I am a student in moscow and to be a russian citizen.  
what is the easiest way for it ? 
and i am 21 years old when i am russian citizen ,should i have to do army-service ? 
thanks for all.

----------


## TATY

Where are you from?

----------


## JJ

> what is the easiest way for it ?

 Nationality Law
Статья 13. Прием в гражданство Российской Федерации в общем порядке
1. Иностранные граждане и лица без гражданства, достигшие возраста 18 лет и обладающие дееспособностью, вправе обратиться с заявлениями о приеме в гражданство Российской Федерации в общем порядке при условии, если указанные граждане и лица:
а) *проживают на территории Российской Федерации* со дня получения вида на жительство и до дня обращения с заявлениями о приеме в гражданство Российской Федерации *в течение пяти лет непрерывно*, за исключением случаев, предусмотренных частью второй настоящей статьи.
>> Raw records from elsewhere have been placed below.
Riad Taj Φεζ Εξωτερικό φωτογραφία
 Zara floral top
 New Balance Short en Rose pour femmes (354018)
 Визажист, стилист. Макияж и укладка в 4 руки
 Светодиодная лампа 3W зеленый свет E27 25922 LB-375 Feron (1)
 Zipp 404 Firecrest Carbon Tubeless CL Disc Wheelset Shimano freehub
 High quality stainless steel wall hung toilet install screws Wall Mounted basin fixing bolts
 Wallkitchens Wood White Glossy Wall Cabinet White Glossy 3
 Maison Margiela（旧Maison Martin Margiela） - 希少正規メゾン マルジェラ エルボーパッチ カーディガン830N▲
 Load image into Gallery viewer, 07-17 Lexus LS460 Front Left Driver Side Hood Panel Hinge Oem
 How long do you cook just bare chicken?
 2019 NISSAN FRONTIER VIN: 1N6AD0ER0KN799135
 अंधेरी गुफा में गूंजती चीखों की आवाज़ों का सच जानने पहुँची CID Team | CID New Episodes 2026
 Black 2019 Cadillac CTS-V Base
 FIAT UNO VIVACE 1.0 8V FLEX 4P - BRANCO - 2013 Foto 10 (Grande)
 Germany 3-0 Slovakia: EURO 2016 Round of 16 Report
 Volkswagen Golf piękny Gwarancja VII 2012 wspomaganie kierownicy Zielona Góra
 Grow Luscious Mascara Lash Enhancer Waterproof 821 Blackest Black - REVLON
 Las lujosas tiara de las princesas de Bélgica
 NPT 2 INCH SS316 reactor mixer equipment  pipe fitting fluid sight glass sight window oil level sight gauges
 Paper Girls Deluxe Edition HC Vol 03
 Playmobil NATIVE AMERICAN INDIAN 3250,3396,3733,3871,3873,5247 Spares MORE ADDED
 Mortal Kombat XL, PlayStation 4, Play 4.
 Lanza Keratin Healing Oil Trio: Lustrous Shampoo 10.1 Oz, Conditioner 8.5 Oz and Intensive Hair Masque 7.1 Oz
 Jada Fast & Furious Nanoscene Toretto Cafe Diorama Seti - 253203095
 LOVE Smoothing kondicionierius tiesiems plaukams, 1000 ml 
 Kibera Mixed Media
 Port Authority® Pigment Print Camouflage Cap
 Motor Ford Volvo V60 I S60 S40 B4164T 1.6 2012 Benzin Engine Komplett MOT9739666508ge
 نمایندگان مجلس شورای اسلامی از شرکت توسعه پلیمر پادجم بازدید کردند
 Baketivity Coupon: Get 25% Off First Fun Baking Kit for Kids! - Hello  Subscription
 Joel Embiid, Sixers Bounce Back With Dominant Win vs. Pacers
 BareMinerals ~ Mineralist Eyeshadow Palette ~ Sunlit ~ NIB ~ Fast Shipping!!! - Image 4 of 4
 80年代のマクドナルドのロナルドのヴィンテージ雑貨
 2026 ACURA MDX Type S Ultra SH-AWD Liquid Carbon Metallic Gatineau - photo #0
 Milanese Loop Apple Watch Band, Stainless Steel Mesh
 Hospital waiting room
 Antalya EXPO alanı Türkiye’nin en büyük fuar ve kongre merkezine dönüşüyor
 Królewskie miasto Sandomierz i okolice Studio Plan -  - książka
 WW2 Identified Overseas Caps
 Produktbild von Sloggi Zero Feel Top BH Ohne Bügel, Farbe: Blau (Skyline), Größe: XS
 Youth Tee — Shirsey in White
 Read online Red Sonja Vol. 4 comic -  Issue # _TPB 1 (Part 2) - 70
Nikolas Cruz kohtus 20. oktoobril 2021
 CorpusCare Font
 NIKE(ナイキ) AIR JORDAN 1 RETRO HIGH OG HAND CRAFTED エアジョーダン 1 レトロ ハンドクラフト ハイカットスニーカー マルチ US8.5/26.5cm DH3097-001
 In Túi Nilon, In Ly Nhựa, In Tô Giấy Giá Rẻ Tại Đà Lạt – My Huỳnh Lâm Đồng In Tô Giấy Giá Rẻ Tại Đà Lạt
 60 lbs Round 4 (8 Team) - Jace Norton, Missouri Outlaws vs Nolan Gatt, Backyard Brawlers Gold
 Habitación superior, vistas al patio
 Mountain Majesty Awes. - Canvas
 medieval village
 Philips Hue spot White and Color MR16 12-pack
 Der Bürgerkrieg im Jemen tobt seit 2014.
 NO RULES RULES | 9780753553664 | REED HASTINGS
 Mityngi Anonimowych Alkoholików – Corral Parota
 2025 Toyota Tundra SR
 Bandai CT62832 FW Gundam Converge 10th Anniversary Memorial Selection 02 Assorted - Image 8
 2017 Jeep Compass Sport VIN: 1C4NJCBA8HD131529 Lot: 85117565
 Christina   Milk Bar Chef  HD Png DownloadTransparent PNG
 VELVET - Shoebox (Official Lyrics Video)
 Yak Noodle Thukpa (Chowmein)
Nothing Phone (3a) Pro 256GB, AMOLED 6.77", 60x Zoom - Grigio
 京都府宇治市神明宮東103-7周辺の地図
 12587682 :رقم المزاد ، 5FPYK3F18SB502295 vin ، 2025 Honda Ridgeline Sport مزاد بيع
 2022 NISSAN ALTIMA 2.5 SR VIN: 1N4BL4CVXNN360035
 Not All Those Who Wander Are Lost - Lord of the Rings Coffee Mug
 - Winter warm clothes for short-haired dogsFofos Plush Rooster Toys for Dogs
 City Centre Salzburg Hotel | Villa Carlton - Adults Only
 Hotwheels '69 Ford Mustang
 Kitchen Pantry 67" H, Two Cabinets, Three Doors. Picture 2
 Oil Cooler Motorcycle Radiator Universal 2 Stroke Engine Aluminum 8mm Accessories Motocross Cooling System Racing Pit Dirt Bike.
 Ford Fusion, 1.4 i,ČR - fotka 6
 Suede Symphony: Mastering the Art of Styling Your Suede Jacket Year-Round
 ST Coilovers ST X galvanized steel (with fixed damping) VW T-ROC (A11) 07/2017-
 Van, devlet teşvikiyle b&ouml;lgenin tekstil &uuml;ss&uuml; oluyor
Срок проживания на территории Российской Федерации считается непрерывным, если лицо выезжало за пределы Российской Федерации не более чем на три месяца в течение одного года. Срок проживания на территории Российской Федерации для лиц, прибывших в Российскую Федерацию до 1 июля 2002 года и не имеющих вида на жительство, исчисляется со дня регистрации по месту жительства;
б) обязуются соблюдать Конституцию Российской Федерации и законодательство Российской Федерации;.....
.......
в) имеют законный источник средств к существованию;
д) владеют русским языком; порядок определения уровня знаний русского языка устанавливается положением о порядке рассмотрения вопросов гражданства Российской Федерации.
The  easiest way is marriage.  

> and i am 21 years old when i am russian citizen ,should i have to do army-service ?
> thanks for all.

 Yes you should. But if you have 2 kid or you are older than 27 y.o. you shoudn't. BTW, in the next year the military service is one year and a half, in the 2008 it will be only a year.

----------


## NeveRtheDon

i am from Turkey  taty

----------


## usernamee

pay 5000-10000$ to russian corruptofficials (99% of russian officials are so) and you're free.
it's easy.   

> Eighty-five (85%) believe a majority of Russian officials are corrupt

 http://www.adl.org/PresRele/ASInt_13/3469_13.asp
remainder of 14% are likely to be either idiots or officials i believe...

----------